• _SUPPLIED INFORMATION_:
.....
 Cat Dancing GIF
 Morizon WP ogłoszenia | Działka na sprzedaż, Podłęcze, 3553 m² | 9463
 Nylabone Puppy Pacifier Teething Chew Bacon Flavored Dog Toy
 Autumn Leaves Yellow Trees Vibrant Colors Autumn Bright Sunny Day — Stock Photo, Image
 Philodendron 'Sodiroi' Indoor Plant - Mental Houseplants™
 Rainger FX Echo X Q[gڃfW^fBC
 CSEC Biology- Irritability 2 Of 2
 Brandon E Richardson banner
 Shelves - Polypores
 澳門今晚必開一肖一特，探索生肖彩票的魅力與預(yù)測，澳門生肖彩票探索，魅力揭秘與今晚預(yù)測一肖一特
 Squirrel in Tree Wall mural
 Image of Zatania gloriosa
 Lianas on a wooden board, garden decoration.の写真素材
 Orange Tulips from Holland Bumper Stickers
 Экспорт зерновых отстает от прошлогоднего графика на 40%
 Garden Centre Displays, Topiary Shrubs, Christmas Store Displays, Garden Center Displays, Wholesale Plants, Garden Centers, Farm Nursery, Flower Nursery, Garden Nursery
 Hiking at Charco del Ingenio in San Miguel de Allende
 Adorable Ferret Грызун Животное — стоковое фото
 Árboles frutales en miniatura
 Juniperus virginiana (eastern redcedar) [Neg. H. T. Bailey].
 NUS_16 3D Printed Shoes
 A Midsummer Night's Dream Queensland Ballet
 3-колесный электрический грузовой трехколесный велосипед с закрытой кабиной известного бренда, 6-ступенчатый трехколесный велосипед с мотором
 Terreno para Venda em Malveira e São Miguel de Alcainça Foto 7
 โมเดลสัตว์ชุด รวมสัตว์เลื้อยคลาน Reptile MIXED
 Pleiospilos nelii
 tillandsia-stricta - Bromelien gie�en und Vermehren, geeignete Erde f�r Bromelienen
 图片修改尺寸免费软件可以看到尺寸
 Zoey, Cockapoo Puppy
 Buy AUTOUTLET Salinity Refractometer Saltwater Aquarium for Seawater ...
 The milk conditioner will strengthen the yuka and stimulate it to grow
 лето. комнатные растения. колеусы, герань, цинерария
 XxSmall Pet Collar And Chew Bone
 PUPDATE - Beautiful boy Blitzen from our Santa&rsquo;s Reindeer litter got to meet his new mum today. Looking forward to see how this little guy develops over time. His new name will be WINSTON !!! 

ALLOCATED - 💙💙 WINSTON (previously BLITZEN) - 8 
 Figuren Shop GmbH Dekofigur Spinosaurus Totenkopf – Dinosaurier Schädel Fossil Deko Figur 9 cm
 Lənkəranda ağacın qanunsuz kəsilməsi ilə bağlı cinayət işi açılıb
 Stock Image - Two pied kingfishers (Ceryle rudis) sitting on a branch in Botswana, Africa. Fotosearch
.....
So that no detail is lost, give every line of the data again exactly.

 Cat Dancing GIF
 Morizon WP ogłoszenia | Działka na sprzedaż, Podłęcze, 3553 m² | 9463
 Nylabone Puppy Pacifier Teething Chew Bacon Flavored Dog Toy
 Autumn Leaves Yellow Trees Vibrant Colors Autumn Bright Sunny Day — Stock Photo, Image
 Philodendron 'Sodiroi' Indoor Plant - Mental Houseplants™
 Rainger FX Echo X Q[gڃfW^fBC
 CSEC Biology- Irritability 2 Of 2
 Brandon E Richardson banner
 Shelves - Polypores
 澳門今晚必開一肖一特，探索生肖彩票的魅力與預(yù)測，澳門生肖彩票探索，魅力揭秘與今晚預(yù)測一肖一特
 Squirrel in Tree Wall mural
 Image of Zatania gloriosa
 Lianas on a wooden board, garden decoration.の写真素材
 Orange Tulips from Holland Bumper Stickers
 Экспорт зерновых отстает от прошлогоднего графика на 40%
 Garden Centre Displays, Topiary Shrubs, Christmas Store Displays, Garden Center Displays, Wholesale Plants, Garden Centers, Farm Nursery, Flower Nursery, Garden Nursery
 Hiking at Charco del Ingenio in San Miguel de Allende
 Adorable Ferret Грызун Животное — стоковое фото
 Árboles frutales en miniatura
 Juniperus virginiana (eastern redcedar) [Neg. H. T. Bailey].
 NUS_16 3D Printed Shoes
 A Midsummer Night's Dream Queensland Ballet
 3-колесный электрический грузовой трехколесный велосипед с закрытой кабиной известного бренда, 6-ступенчатый трехколесный велосипед с мотором
 Terreno para Venda em Malveira e São Miguel de Alcainça Foto 7
 โมเดลสัตว์ชุด รวมสัตว์เลื้อยคลาน Reptile MIXED
 Pleiospilos nelii
 tillandsia-stricta - Bromelien gie�en und Vermehren, geeignete Erde f�r Bromelienen
 图片修改尺寸免费软件可以看到尺寸
 Zoey, Cockapoo Puppy
 Buy AUTOUTLET Salinity Refractometer Saltwater Aquarium for Seawater ...
 The milk conditioner will strengthen the yuka and stimulate it to grow
 лето. комнатные растения. колеусы, герань, цинерария
 XxSmall Pet Collar And Chew Bone
 PUPDATE - Beautiful boy Blitzen from our Santa&rsquo;s Reindeer litter got to meet his new mum today. Looking forward to see how this little guy develops over time. His new name will be WINSTON !!! 

ALLOCATED - 💙💙 WINSTON (previously BLITZEN) - 8 
 Figuren Shop GmbH Dekofigur Spinosaurus Totenkopf – Dinosaurier Schädel Fossil Deko Figur 9 cm
 Lənkəranda ağacın qanunsuz kəsilməsi ilə bağlı cinayət işi açılıb
 Stock Image - Two pied kingfishers (Ceryle rudis) sitting on a branch in Botswana, Africa. Fotosearch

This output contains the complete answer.